■ Your goal ■
Type the data below again exactly. Omit all pictures.

■ Supplied information ■
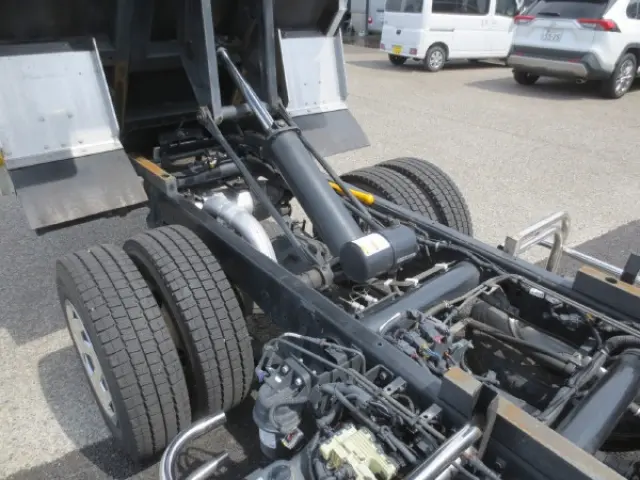 三菱 キャンター 2RG-FBA60(2WD)の写真14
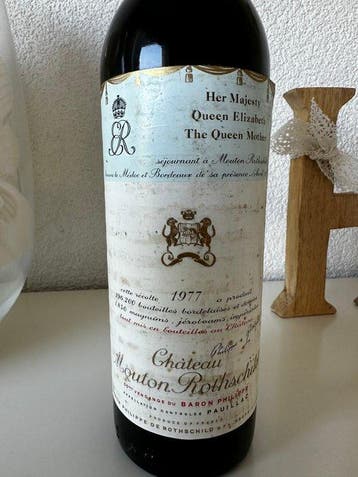 1977 Château Mouton Rothschild - Pauillac 1er Grand Cru, Collections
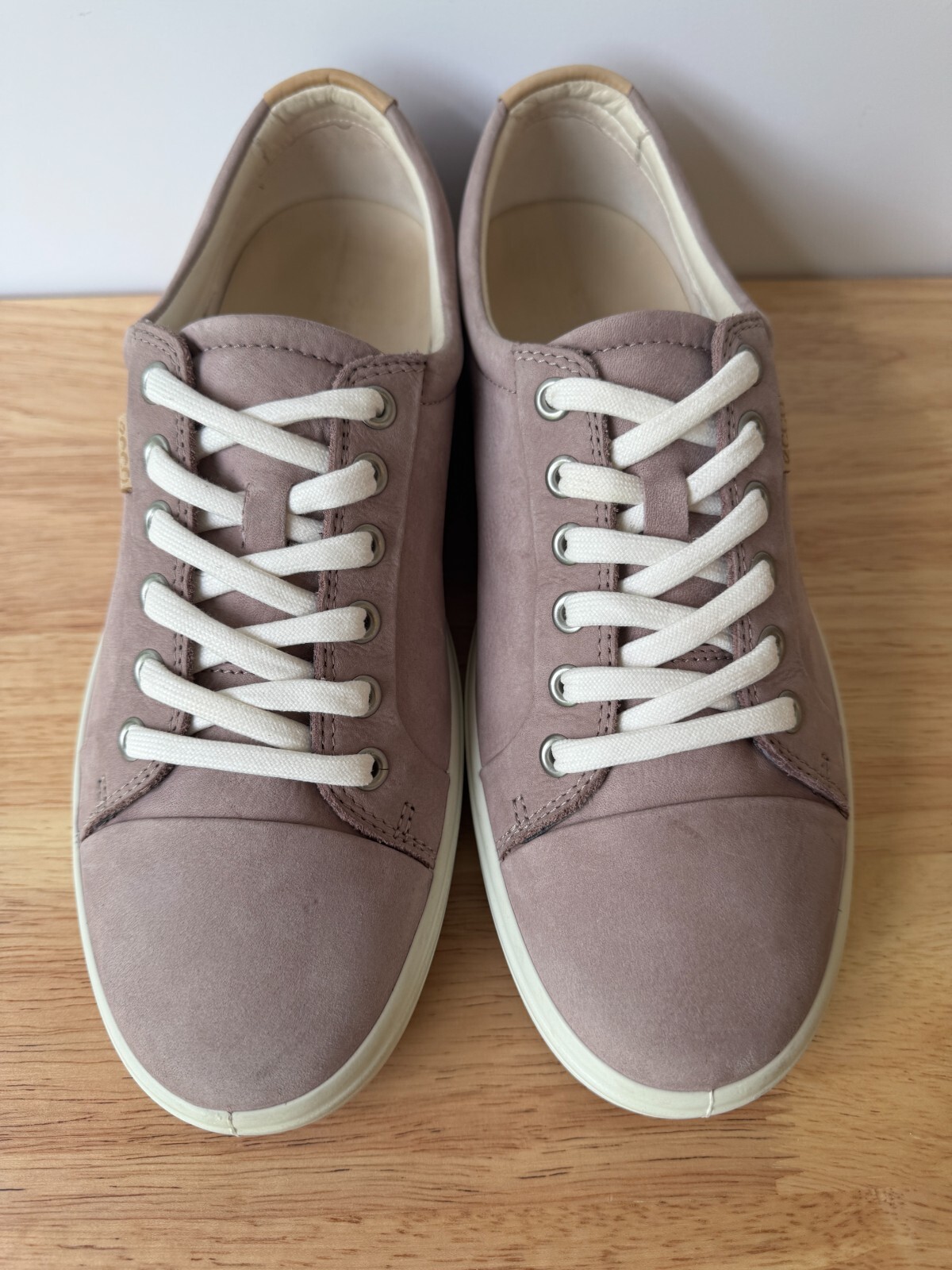 ECCO Soft 7 Women’s Nubuck Leather Sneaker Grey Rose Size US 10-10.5 / EU 41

■ Task response ■
 三菱 キャンター 2RG-FBA60(2WD)の写真14
 1977 Château Mouton Rothschild - Pauillac 1er Grand Cru, Collections
 ECCO Soft 7 Women’s Nubuck Leather Sneaker Grey Rose Size US 10-10.5 / EU 41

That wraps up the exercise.